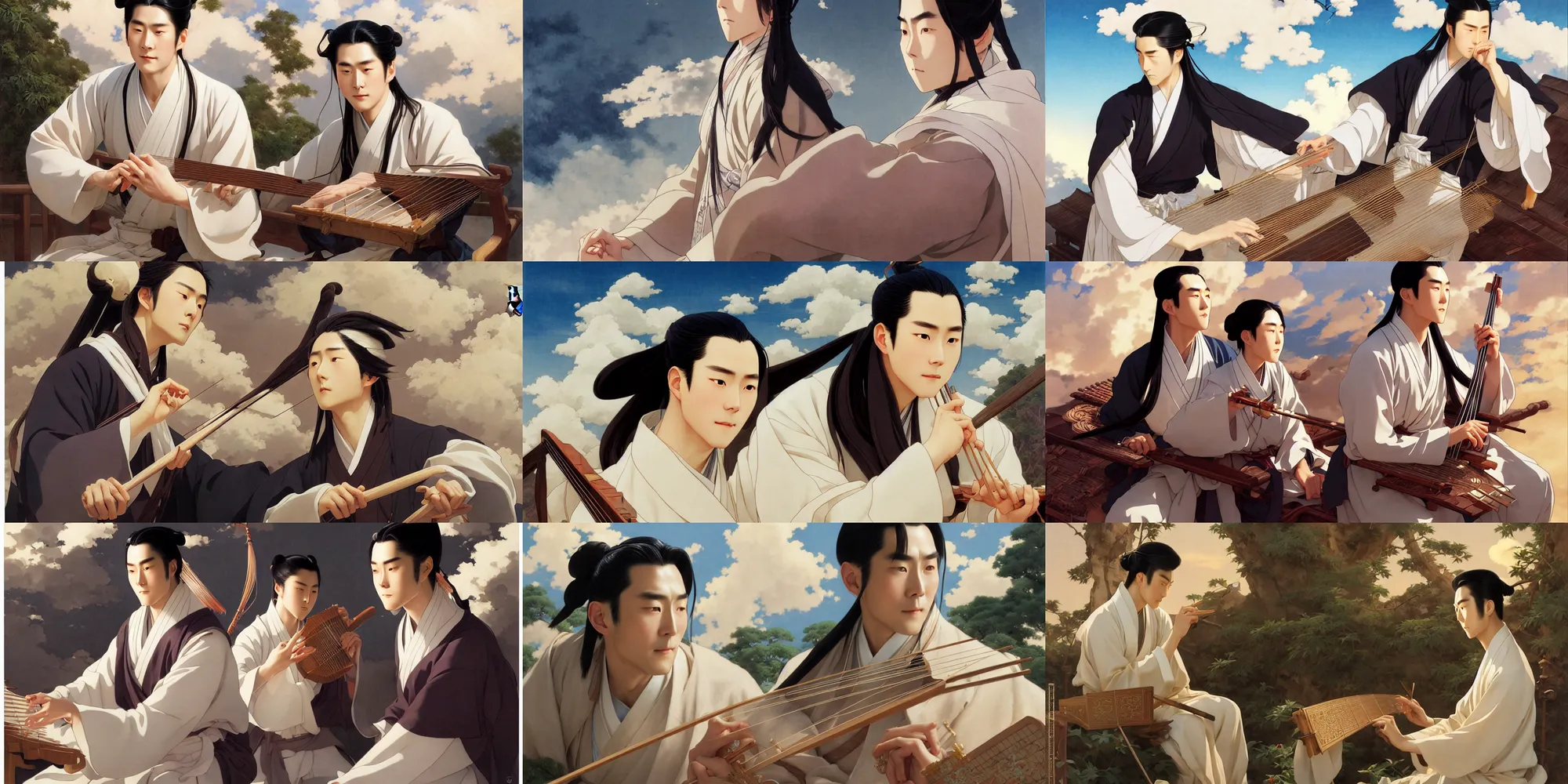 Prompt: lan wangji portrait playing zither mo zu dao shi, serene light, heavenly clouds, white and pure, peaceful, in the style of studio ghibli, j. c. leyendecker and greg rutkowski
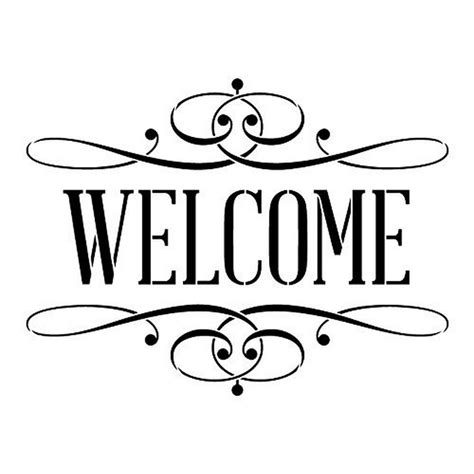 Welcome Stencil By Studior12 Skinny Serif Flourished Word Art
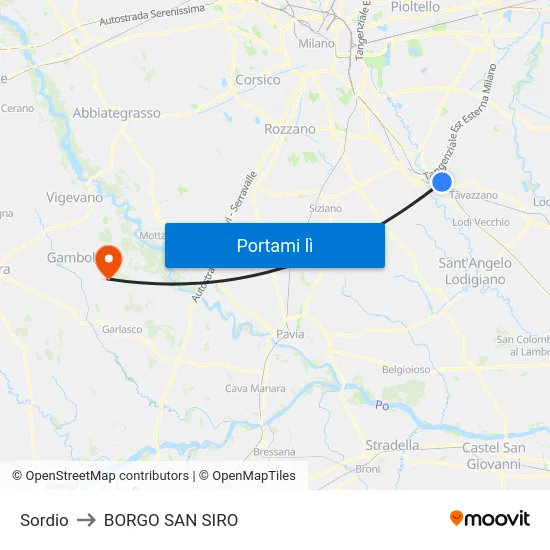 Sordio to BORGO SAN SIRO map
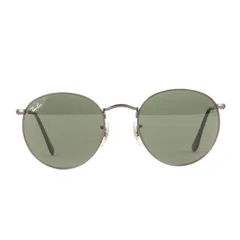 【美品】Ray Ban レイバン ラウンドメタル サングラス (ROUND METAL RB3447 029) / ブラックフレーム クラシックグリーンレンズ / 53□21-145 / ブランド 眼鏡【メンズ】【中古】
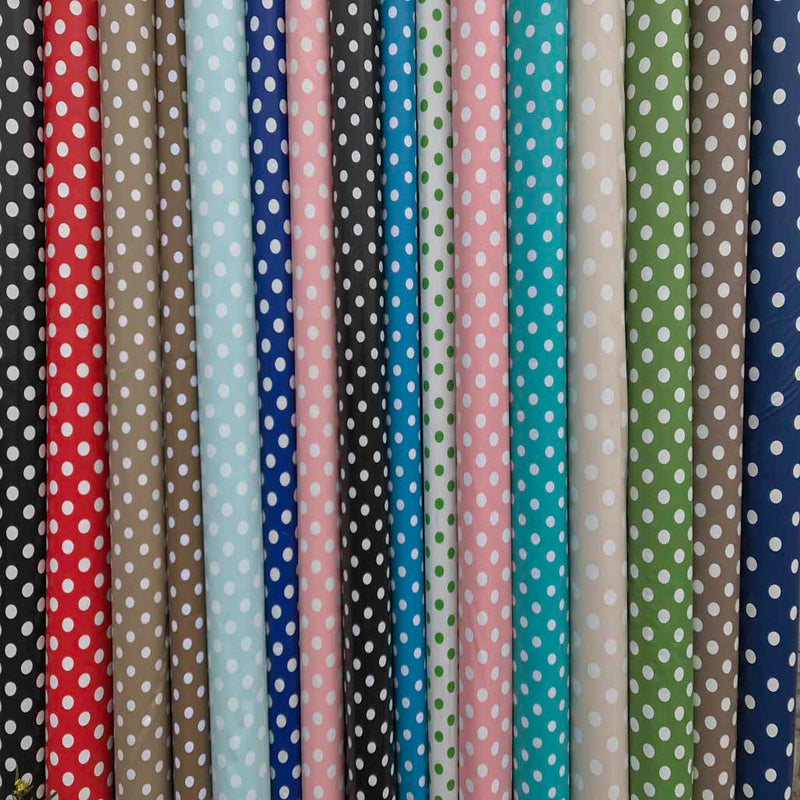 Polka Dot Spotty PVC Oilcloth Fabric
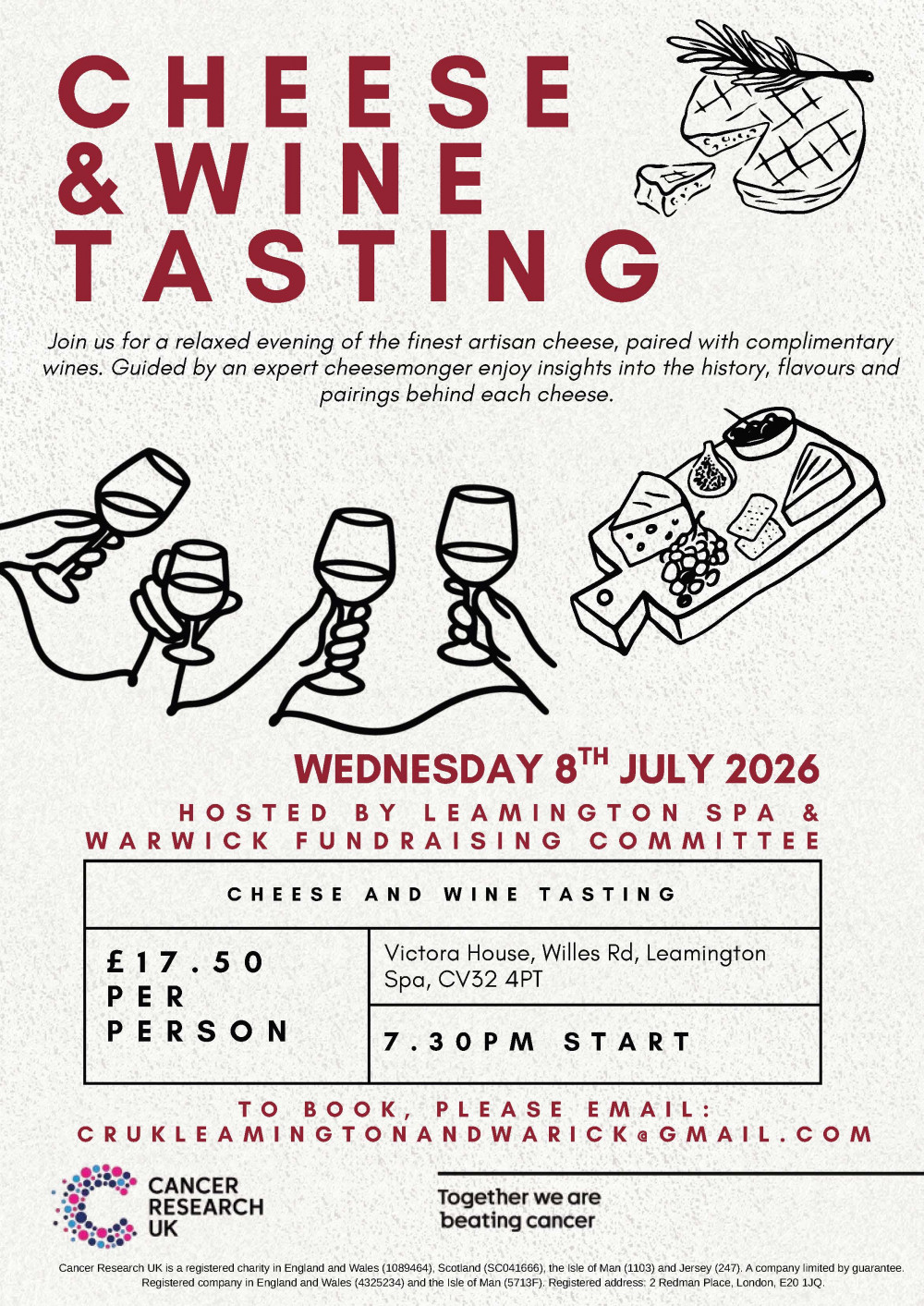 Cheese & Wine Tasting in aid of Cancer Research UK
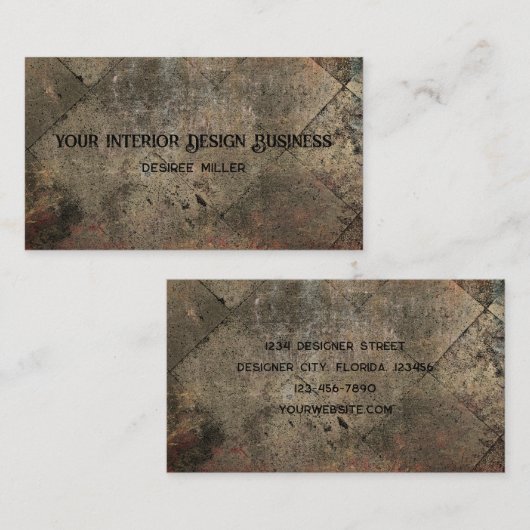  Harlequin Sepia Bruin Zwart Grunge Textuur Visitekaartje (Voorkant / Achterkant)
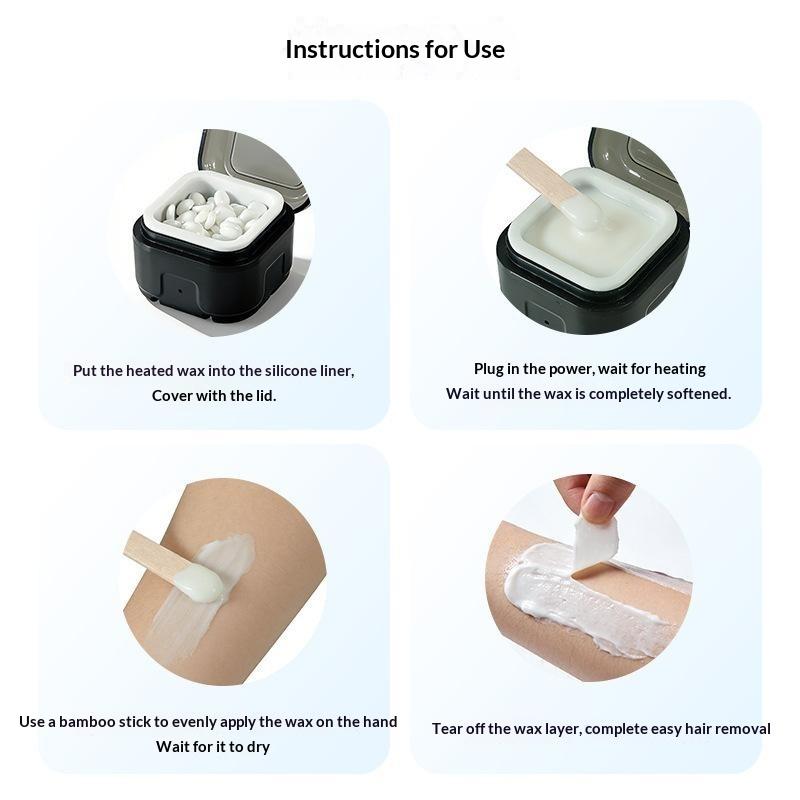 Waxing Kit Home - Mini-Wachserhitzer mit Silikonschale für Haarentfernungs-Wachsset, Schönheitspflegegerät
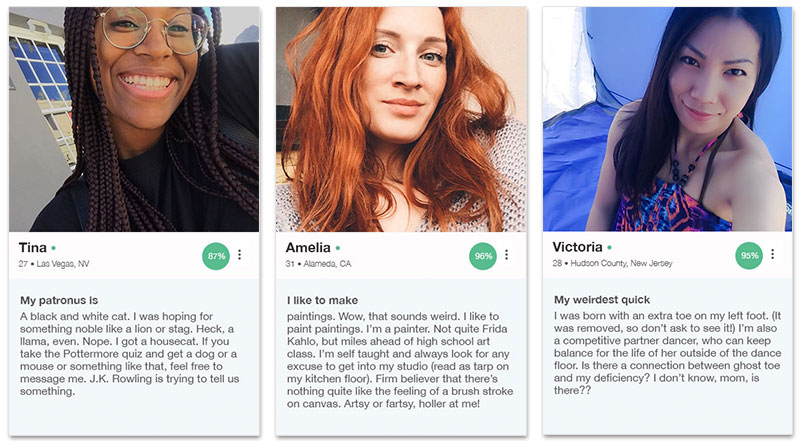 Three OkCupid profile examples for women that show how to write the prompts below.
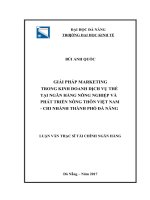 Giải pháp marketing trong kinh doanh dịch vụ thẻ tại ngân hàng NNPTNT việt nam , chi nhánh thành phố đà nẵng 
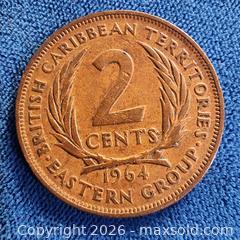 MaxSold Auction: 1964, 2 Cent caribbean coin - Leeds And The Thousand Islands (Ontario, Canada) SELLER MANAGED Downsizing Online Auction - Prince Street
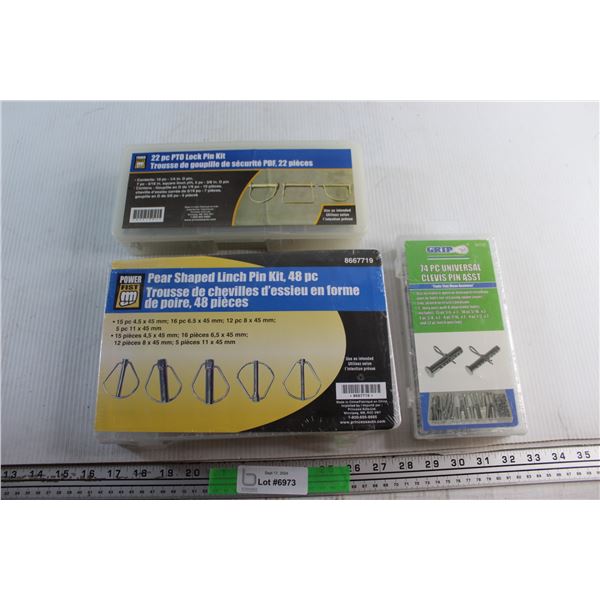 Power Fist Pear Shaped Linch Pin & PTO Lock Pin Kits and 74pc Universal Clevis Pin Asst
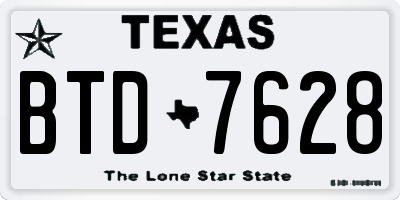 TX license plate BTD7628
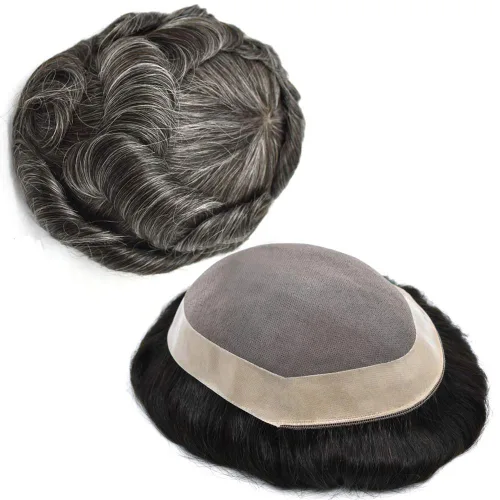 Miniatura 48 de Peluca de cabello humano monofilamento fino para hombre tipo tupé de polietileno alrededor del sistema de cabello, peluca duradera de monofilamento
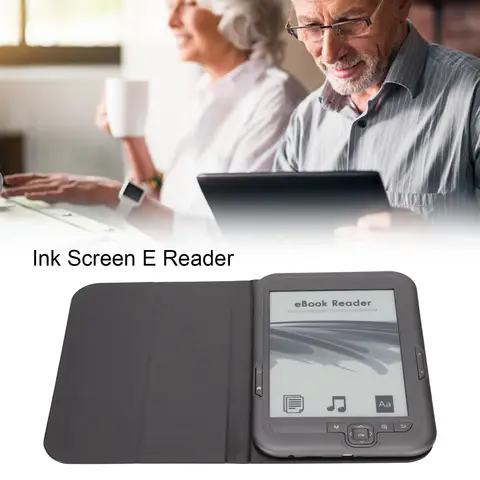 Ereader 6in 800x600 HD Ink Screen Ebook Reader FM Support with Protective Case Headphon Ink Screen E Reader for Reading E Reader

Problem requirements: Retype each entry exactly. No pictures.

Answer space:
 Prompt: lan wangji portrait playing zither mo zu dao shi, serene light, heavenly clouds, white and pure, peaceful, in the style of studio ghibli, j. c. leyendecker and greg rutkowski
 Welcome Stencil By Studior12 Skinny Serif Flourished Word Art
 Sordio to BORGO SAN SIRO map
 【美品】Ray Ban レイバン ラウンドメタル サングラス (ROUND METAL RB3447 029) / ブラックフレーム クラシックグリーンレンズ / 53□21-145 / ブランド 眼鏡【メンズ】【中古】
 Polka Dot Spotty PVC Oilcloth Fabric
 Cheese & Wine Tasting in aid of Cancer Research UK
  Harlequin Sepia Bruin Zwart Grunge Textuur Visitekaartje (Voorkant / Achterkant)
 Waxing Kit Home - Mini-Wachserhitzer mit Silikonschale für Haarentfernungs-Wachsset, Schönheitspflegegerät
 Three OkCupid profile examples for women that show how to write the prompts below.
 Giải pháp marketing trong kinh doanh dịch vụ thẻ tại ngân hàng NNPTNT việt nam , chi nhánh thành phố đà nẵng 
 MaxSold Auction: 1964, 2 Cent caribbean coin - Leeds And The Thousand Islands (Ontario, Canada) SELLER MANAGED Downsizing Online Auction - Prince Street
 Power Fist Pear Shaped Linch Pin & PTO Lock Pin Kits and 74pc Universal Clevis Pin Asst
 TX license plate BTD7628
 Miniatura 48 de Peluca de cabello humano monofilamento fino para hombre tipo tupé de polietileno alrededor del sistema de cabello, peluca duradera de monofilamento
 Ereader 6in 800x600 HD Ink Screen Ebook Reader FM Support with Protective Case Headphon Ink Screen E Reader for Reading E Reader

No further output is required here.